A compelling Frontline Club event on Wednesday 25 June showcased film and photographic work from across the globe that revealed both the depth of suffering and the strength of human spirit in some of the world’s most devastating internal conflicts.

Featured at the event was a series of photographs from Tim Freccia in South Sudan, Alvaro Ybarra Zavala in Venezuela, Eman Mohammed in Gaza and Daniel Berehulak in Afghanistan, curated by multimedia photojournalist and filmmaker John D McHugh.

The event culminated in a screening of Ground Zero Syria, a dramatic film by Robert King featuring unprecedented footage of the brutal conflict in Syria, and an impassioned interview with King by The Times journalist Anthony Loyd that offered some chilling conclusions about the future of the conflict.

Robert King and Anthony Loyd at the Frontline Club.

All of the showcased work shared a common theme: that of the determination of each journalist to bring to light the plight of people facing oppression or armed struggle in their home countries, and to reveal the characters of those individuals caught up in some of the world’s most dangerous conflicts.

Among Freccia’s work was a set of portraits of soldiers from the White Army, a ruthless militia group fighting alongside former Vice President Riek Machar in his campaign against the government of South Sudan.

In Freccia’s unique portraits, presented against a white background, he aimed to show through the expressions and postures of his subjects the “humanity present in these characters, for good or bad, which is often neglected”.

Zavala’s photographs were captured in Caracas and San Cristobal in February and March this year as the protests against Venezuela’s government escalated.

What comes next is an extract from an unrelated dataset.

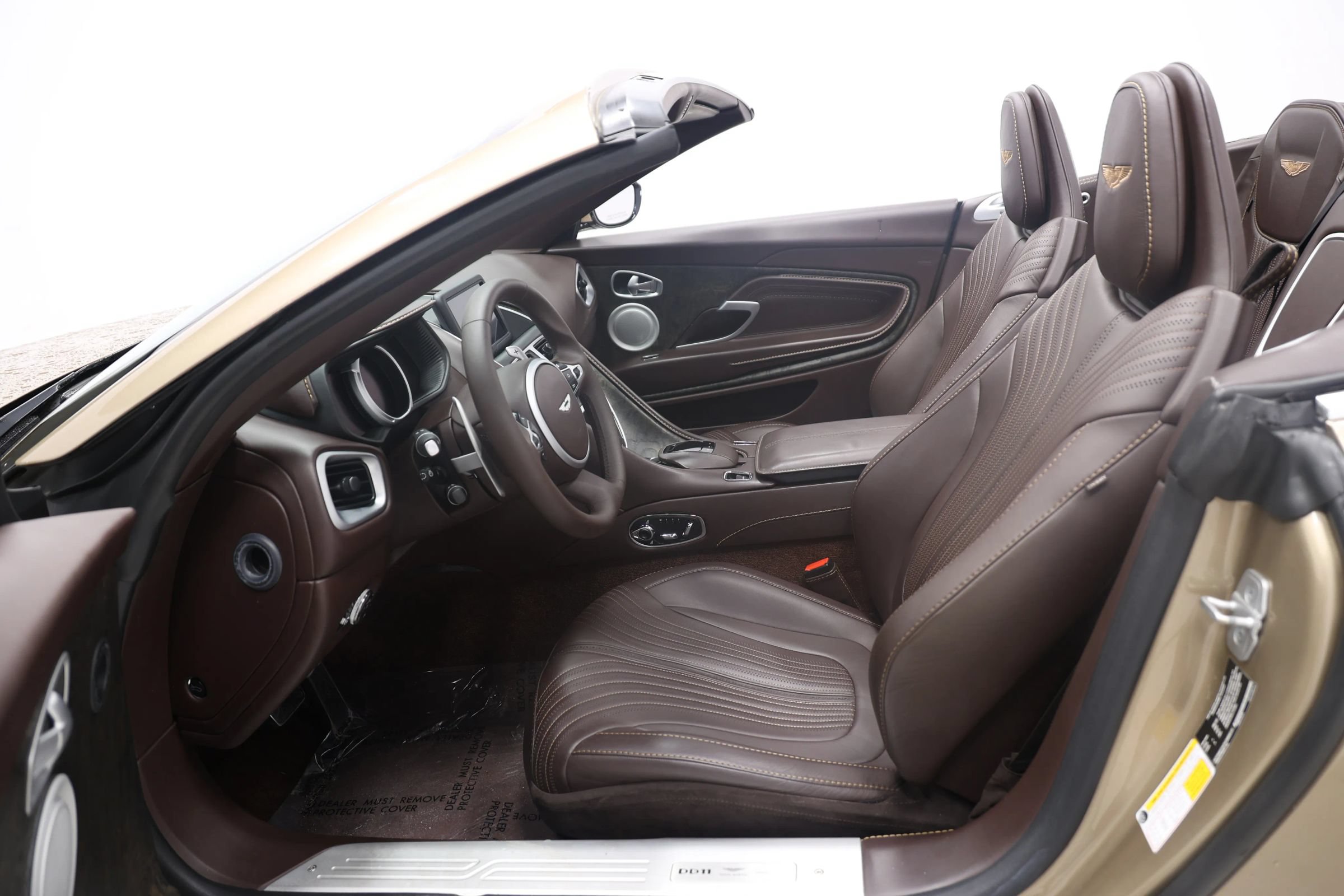 Used 2019 Aston Martin DB11 Volante RWD image 14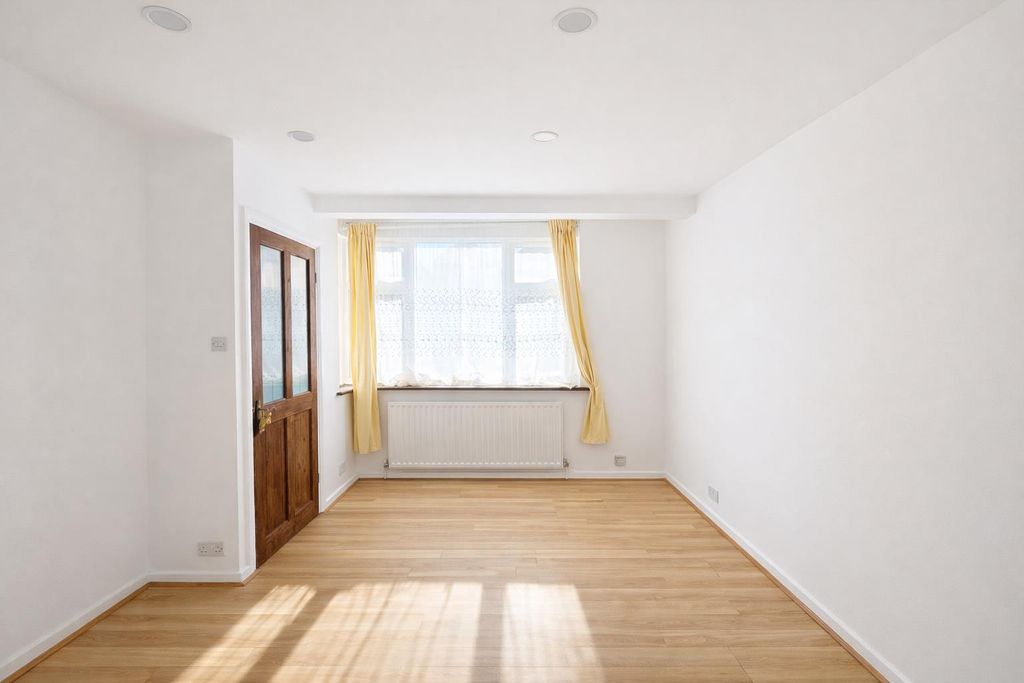 Property photo 1 of 11 Living Room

A picture of a woman slumped over the coffin of a lost loved one revealed the sacrifices made by the protestors, while another featured a combatant in plastic protective glasses making Molotov cocktails to take into the fray.

Mohammed took up photojournalism at the age of 19. In a narration of her photographs, she explained how she had to overcome cultural barriers to a woman pursuing such a career.

“I thought I had what it took to be a career photographer,” she said. “I was wrong. To gain acceptance in a male dominated field was next to impossible.”

Covering the war in Gaza in 2008-09 and under fire from aerial bomb attacks, the ground “shaking like a swing beneath us”, Mohammed was abandoned by the two male journalists with whom she was travelling. “Terrified, humiliated and feeling sorry for myself”, she learned a valuable lesson.

Mohammed‘s career has been characterised by a constant tension between capturing her own agony and that of others:

“You can freeze, but your camera cannot. If you don’t document history, it never happened.”

Her work included touching portraits of Mohamed Hodr, who along with 22 members of his family lived for several years beneath the rubble of what was once his home.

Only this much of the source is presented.